| Source data |
# # # # #
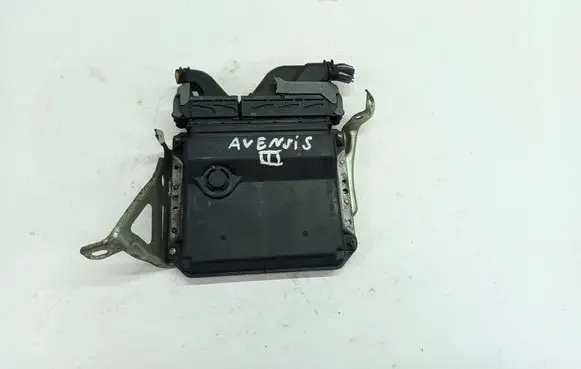 Toyota Avensis T270 Engine control unit/module ECU 89661-05K60 MB275900-5071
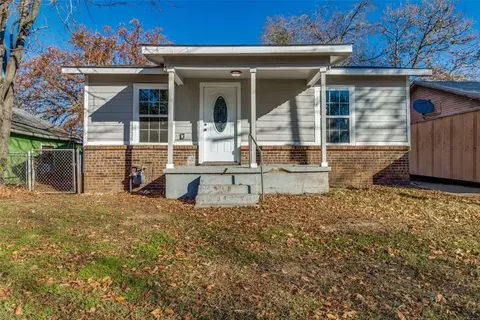 913 W Chase St, Denison, TX 75020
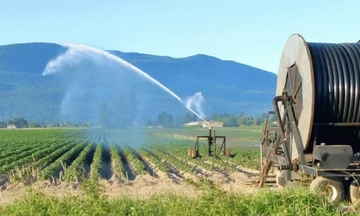 Πώς και πότε θα εφαρμοστούν τα μέτρα μείωσης του κόστους στο αγροτικό ρεύμα 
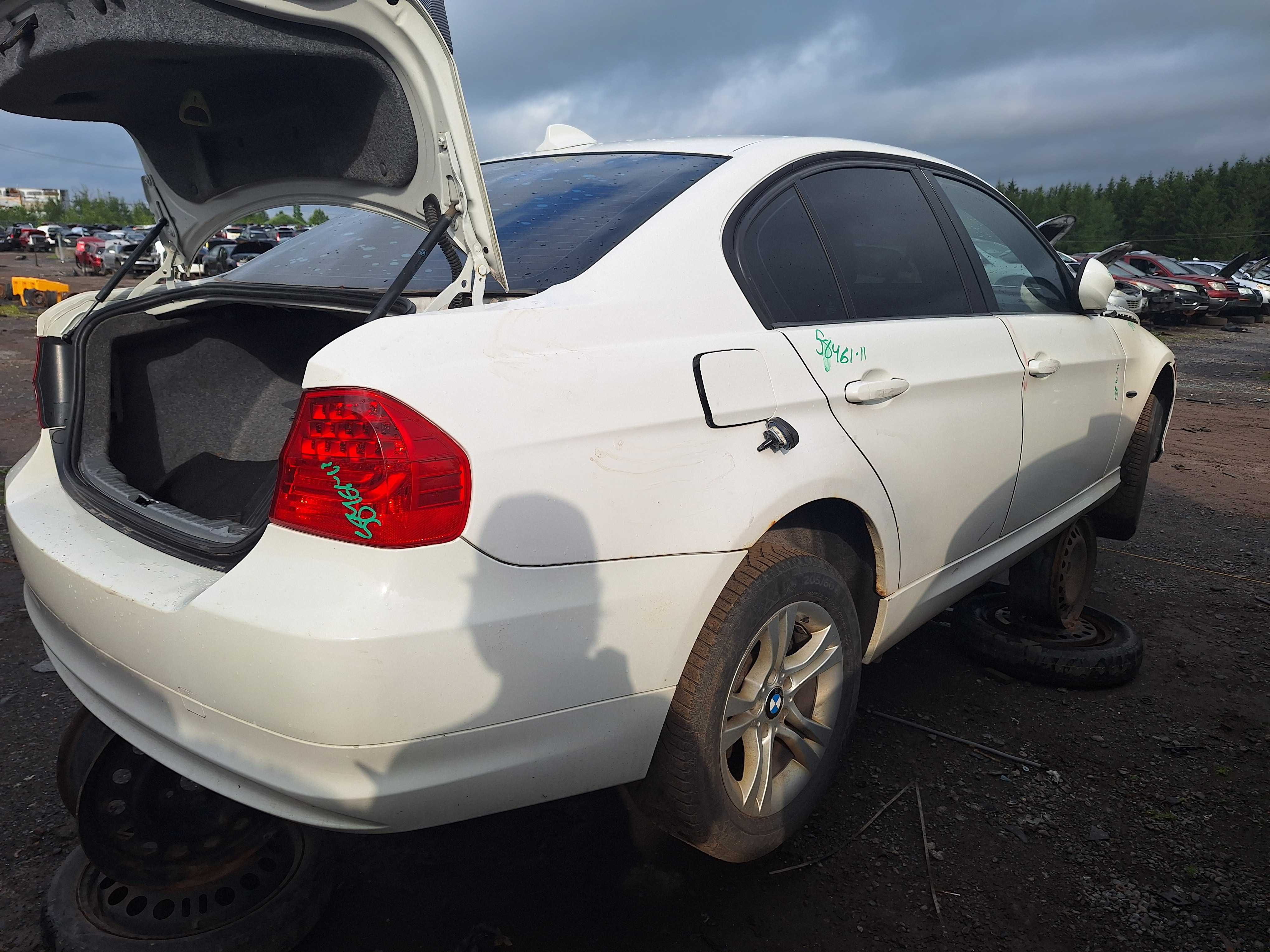 BMW 328 2011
# # # # #
| Try it |
Without the pictures, transcribe the listing above exactly.

| Answer to the problem |
 Toyota Avensis T270 Engine control unit/module ECU 89661-05K60 MB275900-5071
 913 W Chase St, Denison, TX 75020
 Πώς και πότε θα εφαρμοστούν τα μέτρα μείωσης του κόστους στο αγροτικό ρεύμα 
 BMW 328 2011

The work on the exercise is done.